_What you are asked to do_: Copy only the lines from the one with "Czwarte zdjęcie samochodu" through the end of the records, exactly as they stand. No pictures belong in the copy.
Data for review section start
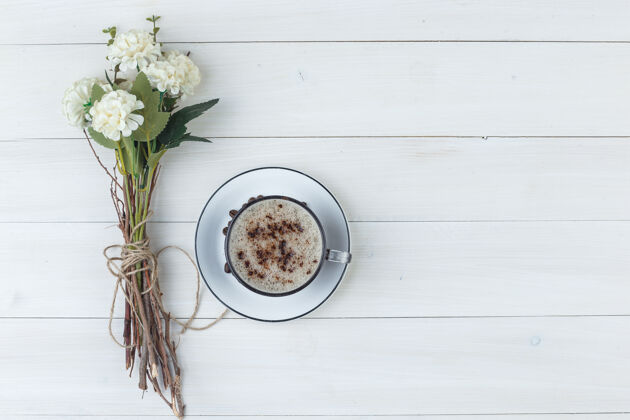 拿铁一组花和咖啡放在一个木制背景的杯子里顶视图自然摩卡烤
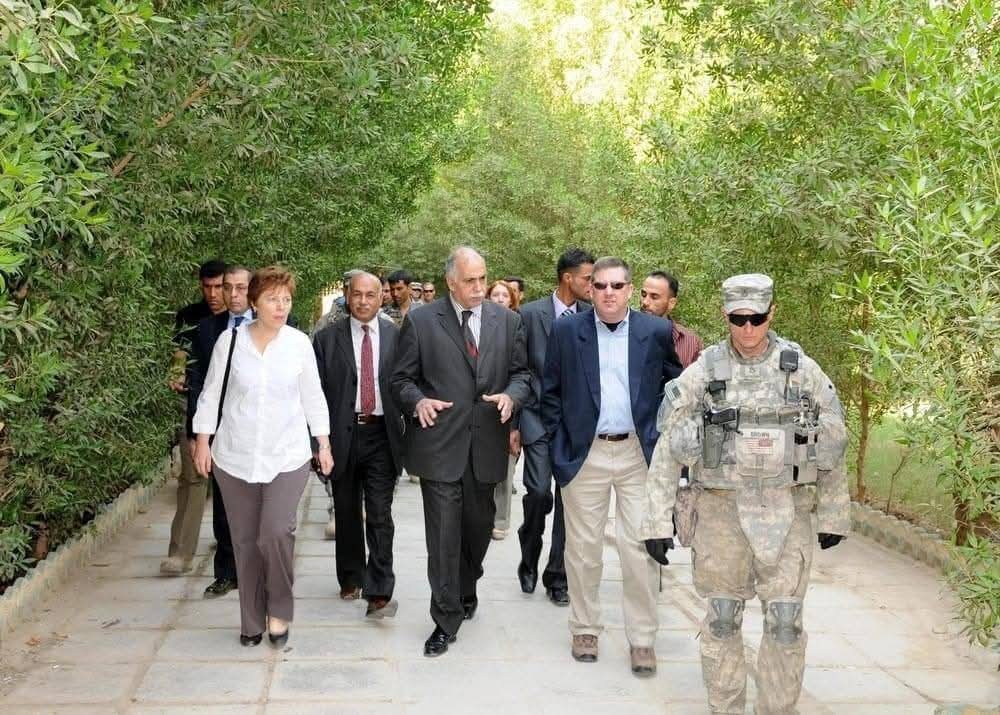 al_7000al's tweet image. صادوووا 🔴 الدكتور الاطاري المووجـ...ــاهد صالح اسماعيل نجم الكرناوي / دولة القانون في صورة مع القوات الامريكية اثناء عملية نوعية للمغاومة
#دگ_مقاومة
#خور_عبدالله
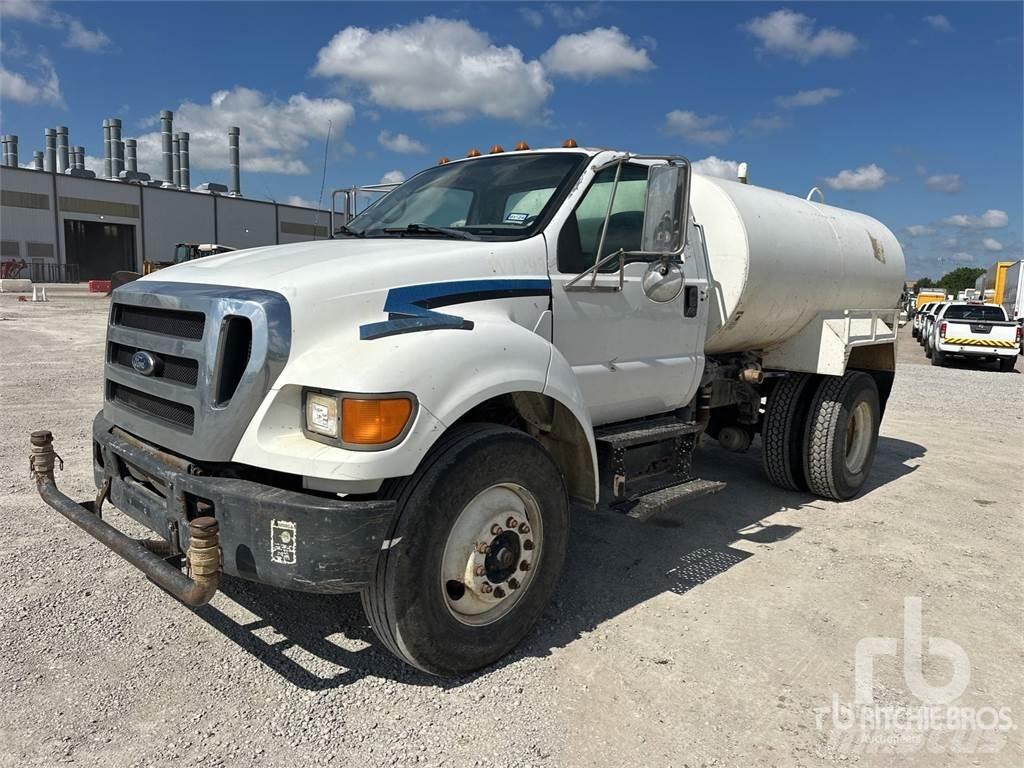 Ford F-750 Vízszállító teherautók
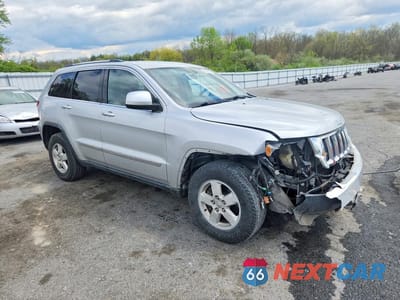 Czwarte zdjęcie samochodu z boku: 2011 JEEP GRAND CHEROKEE LAREDO VIN:1J4RR4GG5BC587380 - miniatura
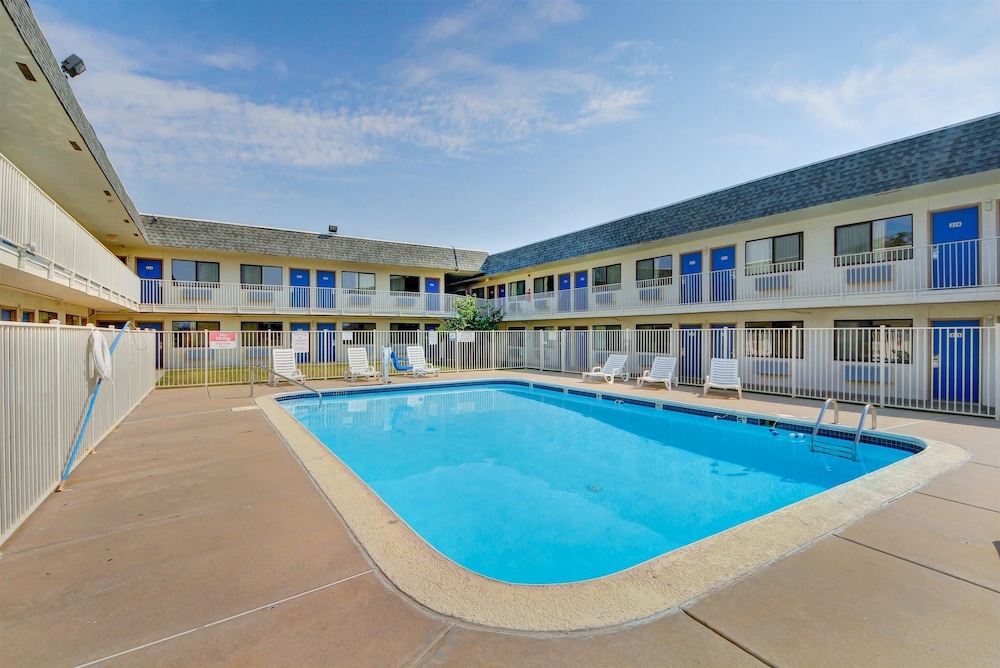 Motel6 Wichita, KS 7/44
Data for review section end
_Answer for this exercise_:
 Czwarte zdjęcie samochodu z boku: 2011 JEEP GRAND CHEROKEE LAREDO VIN:1J4RR4GG5BC587380 - miniatura
 Motel6 Wichita, KS 7/44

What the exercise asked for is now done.